You are viewing a plain text version of this content. The canonical link for it is here.

Posted to java-user@lucene.apache.org by bhecht <bh...@ams-sys.com> on 2007/05/21 22:05:02 UTC

stop words, synonyms... what's in it for me?

Hi there,

I have started using Lucene not long ago, with plans to replace my current
sql queries in my application with it.
As I wasn't aware of Lucene before, I have implemented some similar tools
(filters) as Lucene includes.

For example I have implemented a "stop word" tool.
In my case I have much more configuration options than Lucene, having the
option to remove sub strings in addition to complete tokens.
I can configure the wanted location of the sub string within the token,
or even the location of the token within the phrase.

I have implemented a synonym mechanism (substitution mechanism) that can
also be configured according to location within a phrase. It can also be
configured to find synonyms taking into account spelling mistakes. Although
it doesn't expand but only transforms to one certain replacement.It can find
replacements for sub strings as well. So I can use it to separate words. For
example in German I have "strasse"=> " strasse" (with a space in the front),
so words like "mainstrasse" will be split to "main" and "strasse".
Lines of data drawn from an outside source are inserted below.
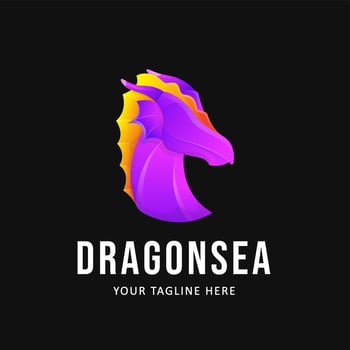 Colorful Dragon Logo Design. Gradient Style Logo template vector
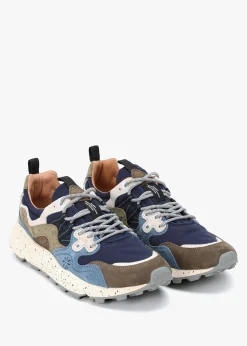 Clearance FLOWER MOUNTAIN Men’s Yamano 3 Uni Blue Suede & Nylon Trainers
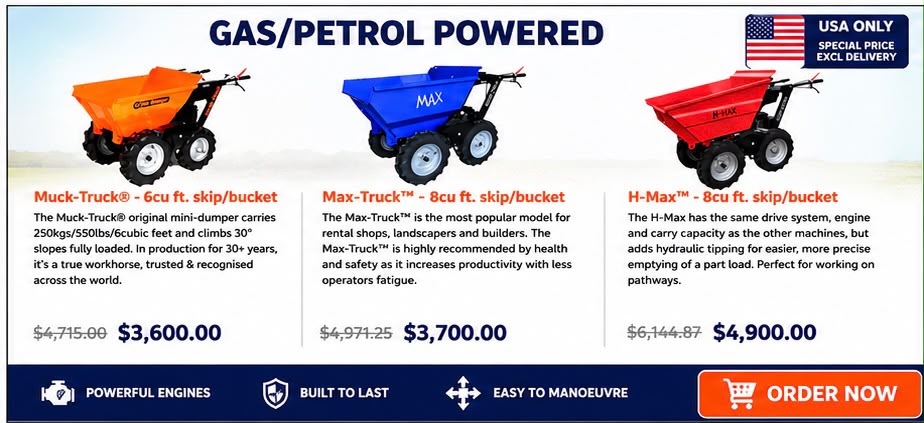 US Electric Powered Wheelbarrows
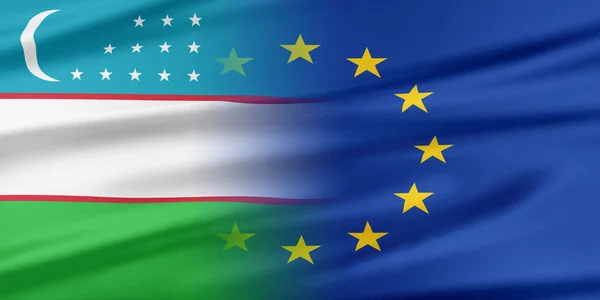 European Union and Uzbekistan. — Stock Photo, Image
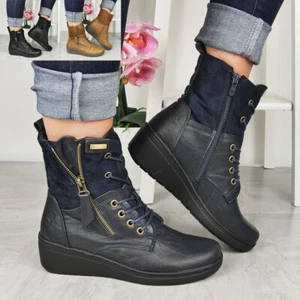 Botas de cuña al tobillo Damas Mujeres Cremallera Invierno Cálidas Forradas Cómodas Agarre Zapatos de encaje Talla - Imagen 1 de 25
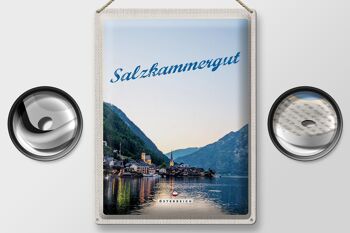 Plaque en tôle voyage 30x40cm Salzkammergut vue sur la ville 2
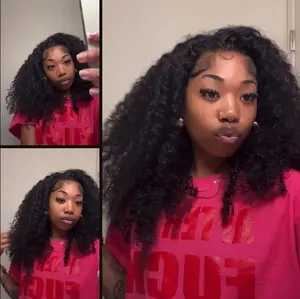 BADDIEZINC Burmese Curly Wig - 13x4 Transparent Lace, 250% Density, Pre-Plucked & Pre-Bleached Raw Human Hair (18"-26")"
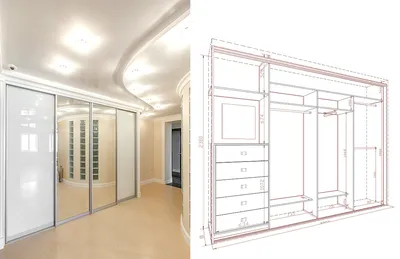Встроенный шкаф купе 4 двери - купить в интернет-магазине студии Formic-Art  в Москве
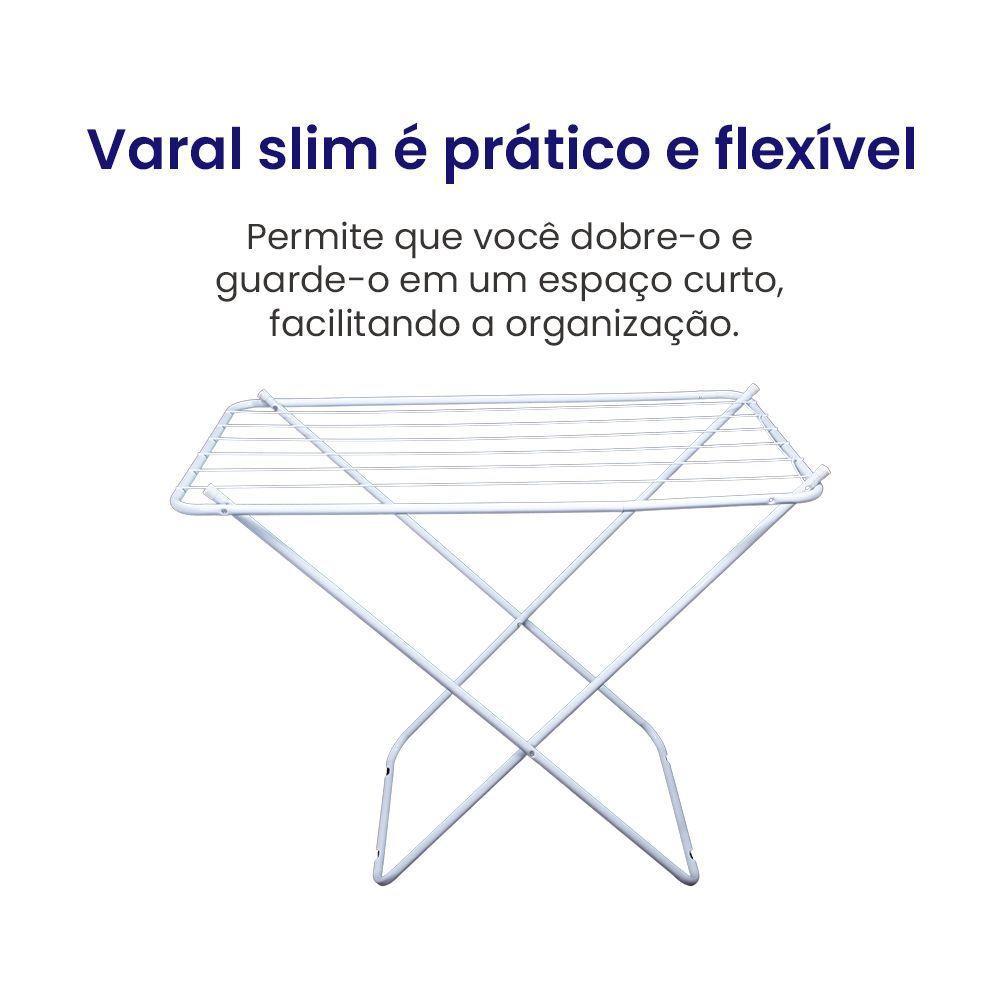 Varal De Chão Sem Abas Retrátil Dobrável Reforçado Branco 80 Cm - Gudim - 4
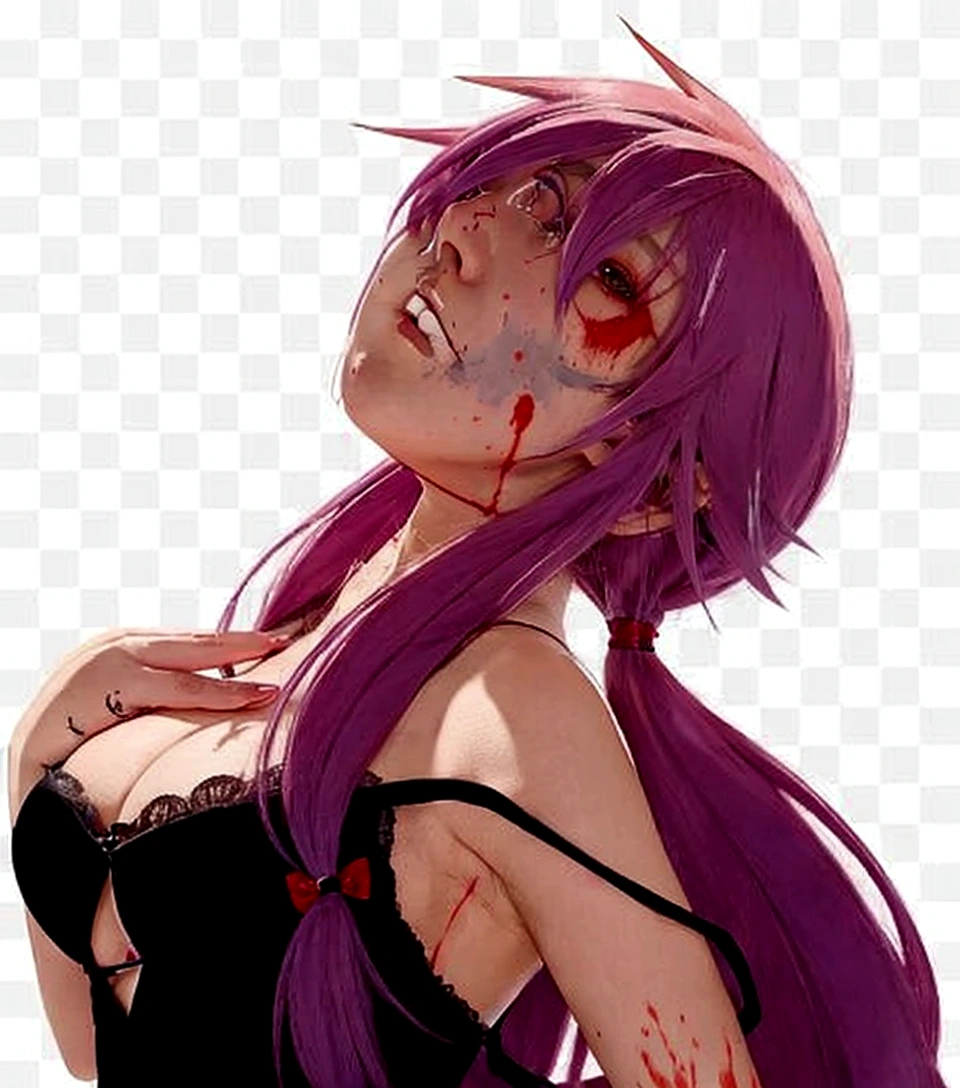 Anime girl with blood on her face and purple hair., Gapmoe Yandere, Gapmoe Yandere Grimdark, yandere, yandere. high, Mirai Nikki, demon anime girl, portrait Gapmoe Yandere Grimdark, travel mirai nikki, seductive anime girl, Gasai Yuno, Pin on anime, Intricate Yandere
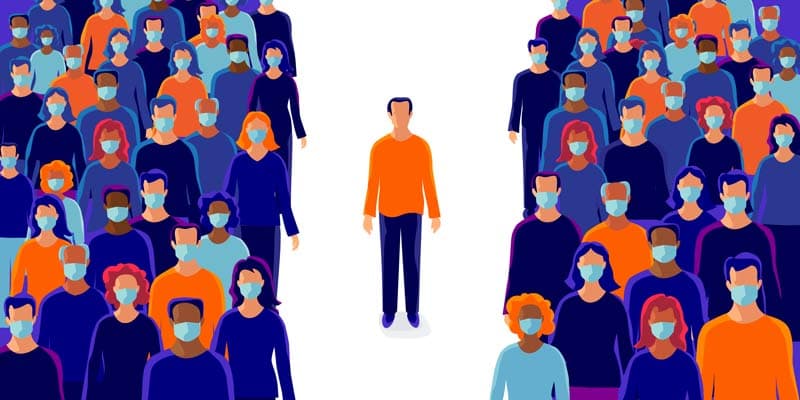 An illustration of a man social distancing from two crowds of people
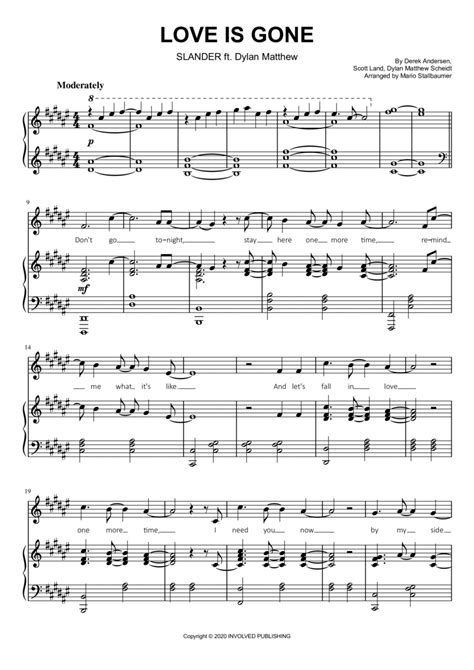 Love Is Gone (arr. Mario Stallbaumer) by Slander Feat. Dylan Matthew Sheet Music for Piano ...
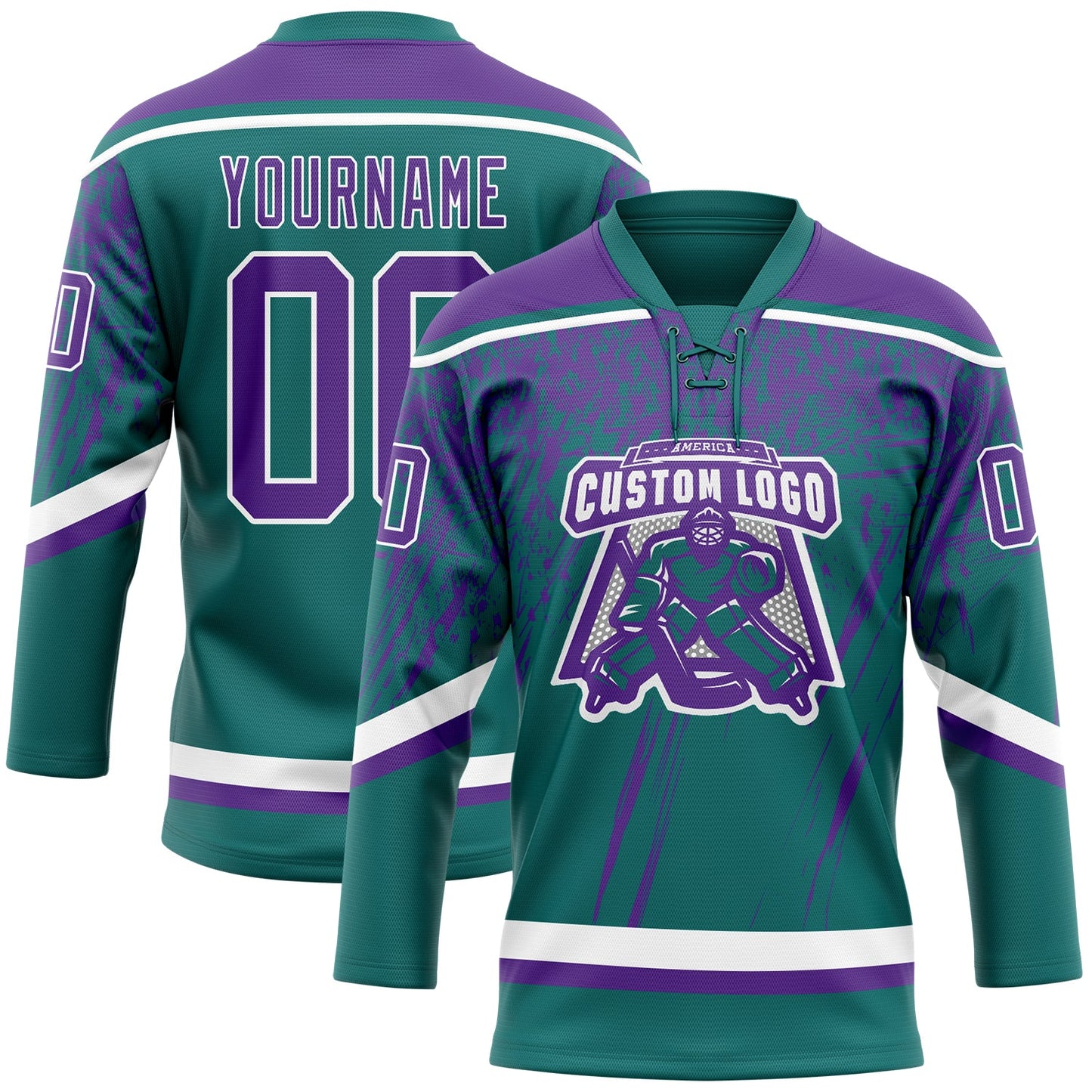 Custom Teal Purple-White 3D Splash Hockey Lace Neck Jersey view 2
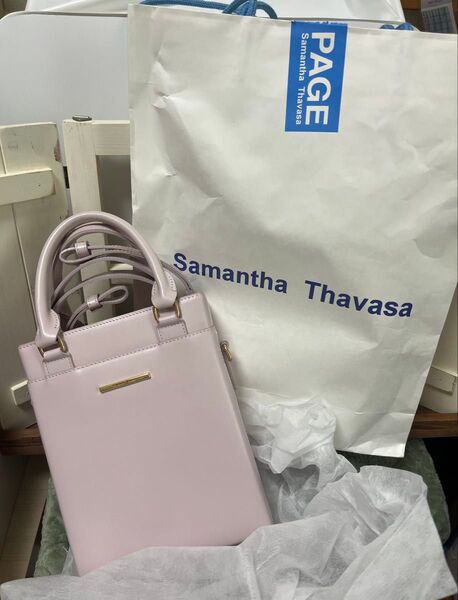 Samantha Thavasa サマンサタバサ ピンク 硬質スクエア レザー 2way ショルダー バッグ ハンドバッグ 新品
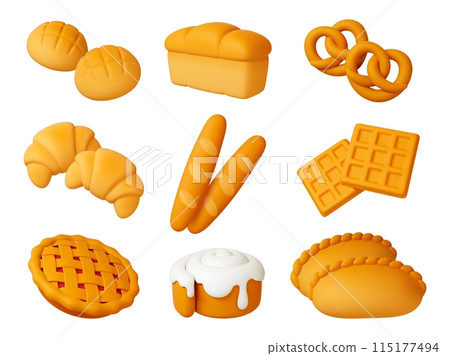 3d bakery products. Pastries, croissant and bread. Isolated buns, french baguettes and waffles. Render realistic baking pithy vector collection 115177494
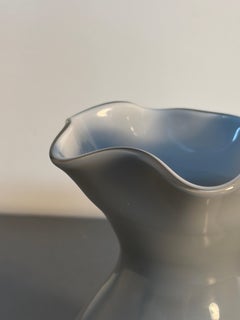 Vintage White Opaline Art Glass Vase with an Elegant Wavy Flared Rim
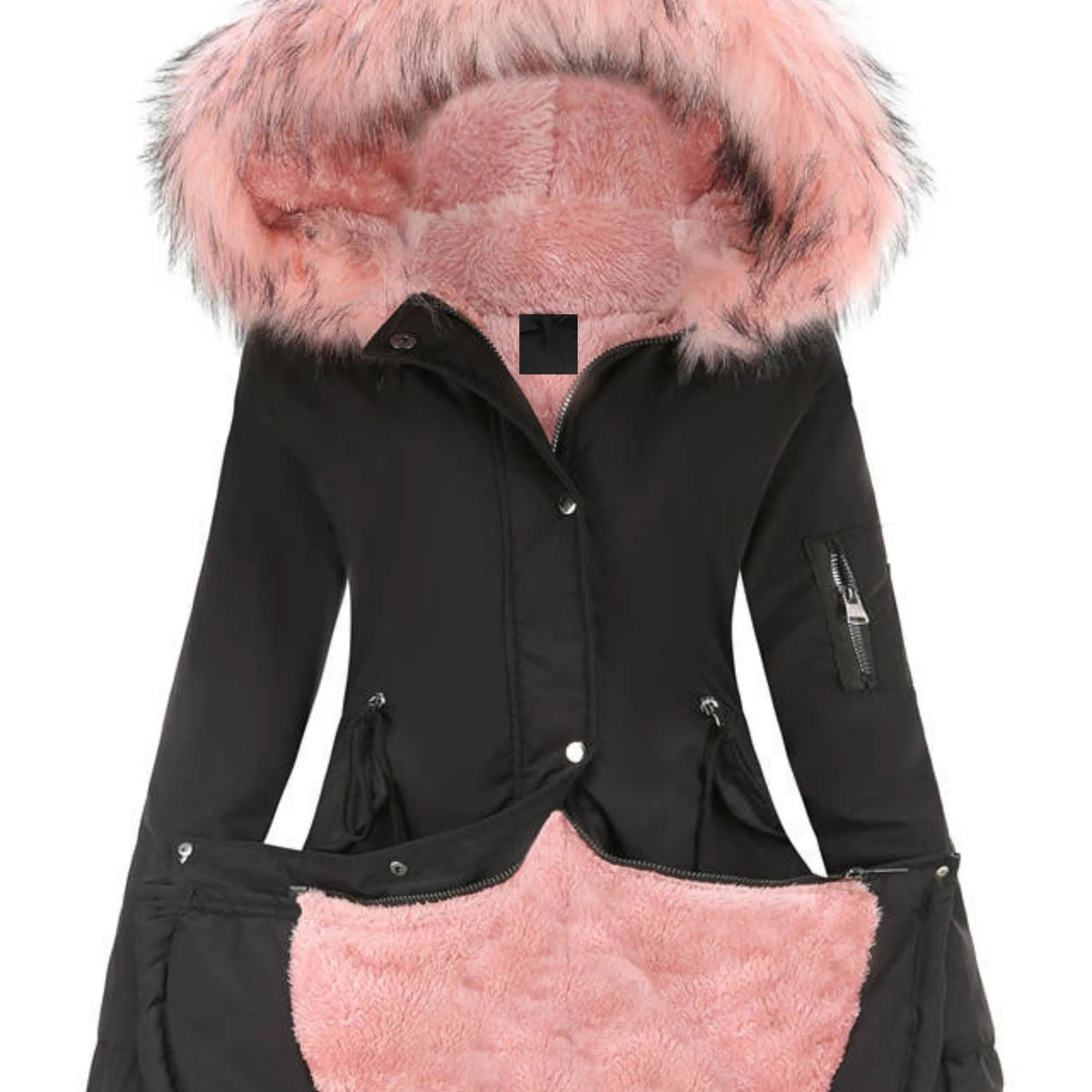 Olive Green Fleece-Lined Parka, Zip-Up Winter Coat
I am wondering if I can use my "standardization" tools before calling the
lucene indexing, without implementing any custom analyzers and achieve more
or less the same results?

What do I "loose" if I go this way? The stemming filters are really one
thing I didn't have and I will use.
Is there any point for me to start creating custom analyzers with filter for
stop words, synonyms, and implementing my own "sub string" filter, for
separating tokens into "sub words" (like "mainstrasse"=> "main", "strasse")
?

Thanks in advance

--
View this message in context: http://www.nabble.com/stop-words%2C-synonyms...-what%27s-in-it-for-me--tf3792510.html#a10725950
Sent from the Lucene - Java Users mailing list archive at Nabble.com.

---------------------------------------------------------------------
To unsubscribe, e-mail: java-user-unsubscribe@lucene.apache.org
For additional commands, e-mail: java-user-help@lucene.apache.org

Re: stop words, synonyms... what's in it for me?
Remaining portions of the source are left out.